JAKARTA, iNewsTangsel.id - Pendeta Gomar Gultom menilai langkah mundur dilakukan pemerintah dalam proses demokrasi yang telah diperjuangkan saat reformasi 1998.
Pendapat ini menanggapi usulan Kepala Badan Nasiojal Penanggulangan Terorisme (BNPT), Rycko Amelza Dahniel tentang Kontrol Pemerintah atas Rumah Ibadah.
"Kita sudah menyepakati demokrasi menjadi sistem atau kendaraan bagi kita sebagaip bangsa untuk mencapai masyarakat adil dan makmur," katanya belum lama ini.
Negara harus percaya rakyatnya bisa mengatur dirinya termasuk pengelolaan rumah ibadah. lantaran masyarakat semakin demokratis.
"Pemikiran Rycko yang menghendaki agar pemerintah mengawasi setiap agenda ibadah di tempat ibadah serta mengawasi tokoh agama yang menyampaikan dakwah menunjukkan sikap frustrasi pemerintah yang tak mampu mengatasi masalah radikalisme," ucapnya.
Dengan begitu arus balik dari cita-cita reformasi dan akan membawa bangsa Indonesia kepada suasana etatisme pada masa orde baru.
"Masalah yang kita hadapi kini adalah kurang tegasnya pemerintah menghadapi berbagai ujaran kebencian yang mendorong budaya kekerasan di tengah masyarakat," tuturnya.

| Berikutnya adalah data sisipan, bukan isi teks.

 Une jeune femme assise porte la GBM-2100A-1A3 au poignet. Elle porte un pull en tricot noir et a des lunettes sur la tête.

Pendeta Gomar Gultom meneruskan perilaku intoleran yang disertai dengan tindak kekerasan, apalagi atas nama agama, sering luput dari tindakan hukum oleh negara.
"Peradaban yang mengedepankan mereka yang bersuara keras, atau mengedepankan kebencian dan kekerasan, ini yang perlu mendapat perhatian kita bersama, untuk segera dihentikan," tuturnya.

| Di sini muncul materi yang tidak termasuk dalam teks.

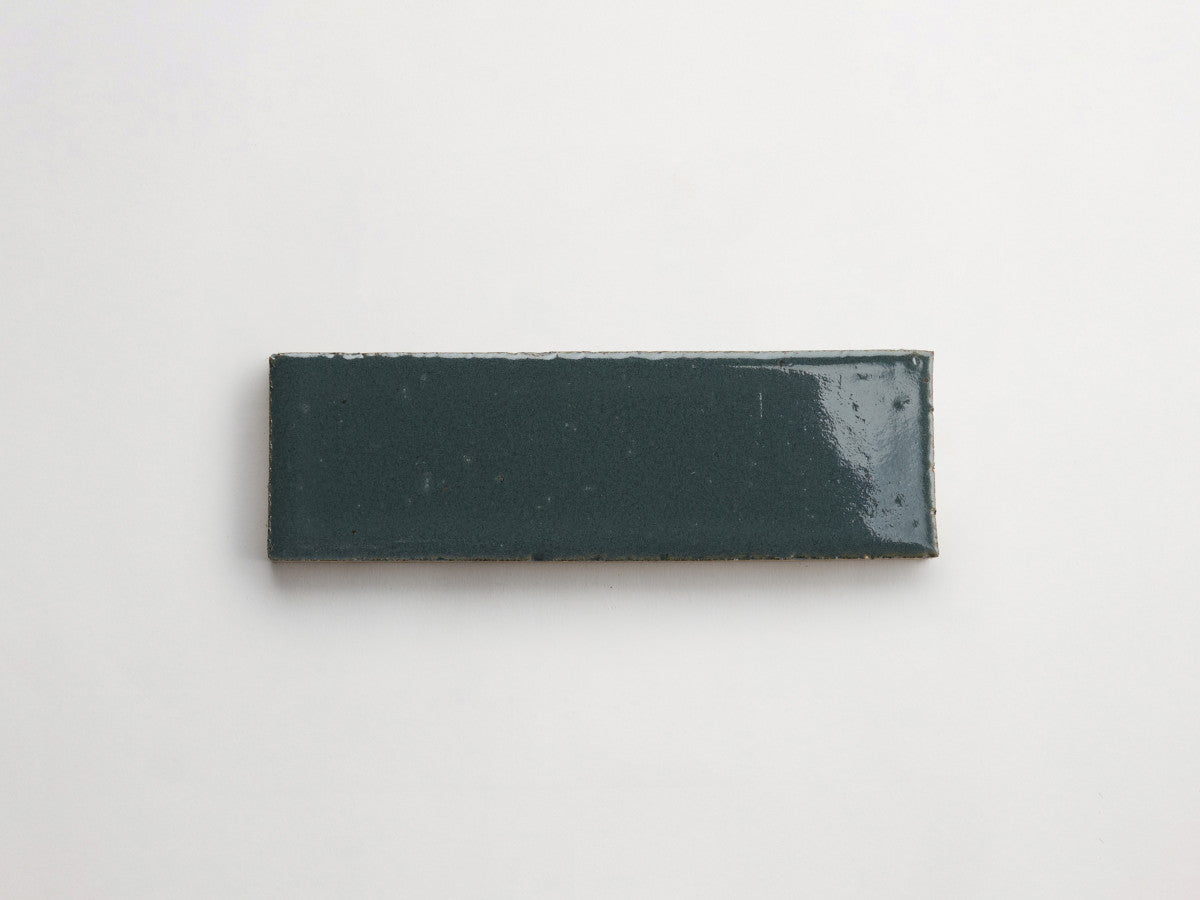 Glazed thin brick 2½x8 Cold Spring Blue guild.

"Saya lebih meminta keseriusan dan tindakan tegas pemerintah atas ujaran kebencian, aksi intoleran dan tindak kekerasan, seturut hukum yang berlaku".

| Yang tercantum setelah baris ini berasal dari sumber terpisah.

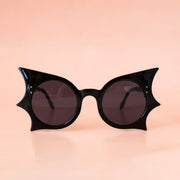 A black pair of sunglasses with a bat shape.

Hal lain yang mendesak dilakukan bersama oleh seluruh elemen bangsa, ujar Pendeta Gomar Gultom, adalah pembudayaan cinta damai dan cinta kemanusiaan.
"Menjadi tugas bersama untuk mendidik masyarakat untuk sedia menerima mereka yang berbeda, serta mengakomodasinya dalam membangun hidup bersama, termasuk mengakomodasi kebutuhan akan rumah ibadah, oleh umat beragamana apapun," ujarnya.
Pemerintah perlu lebih peka mendengar kritik masyarakat, termasuk dari para tokoh agama atau pemdakwah, dan jangan terlalu cepat menghakiminya sebagai bagian dari radikalisme.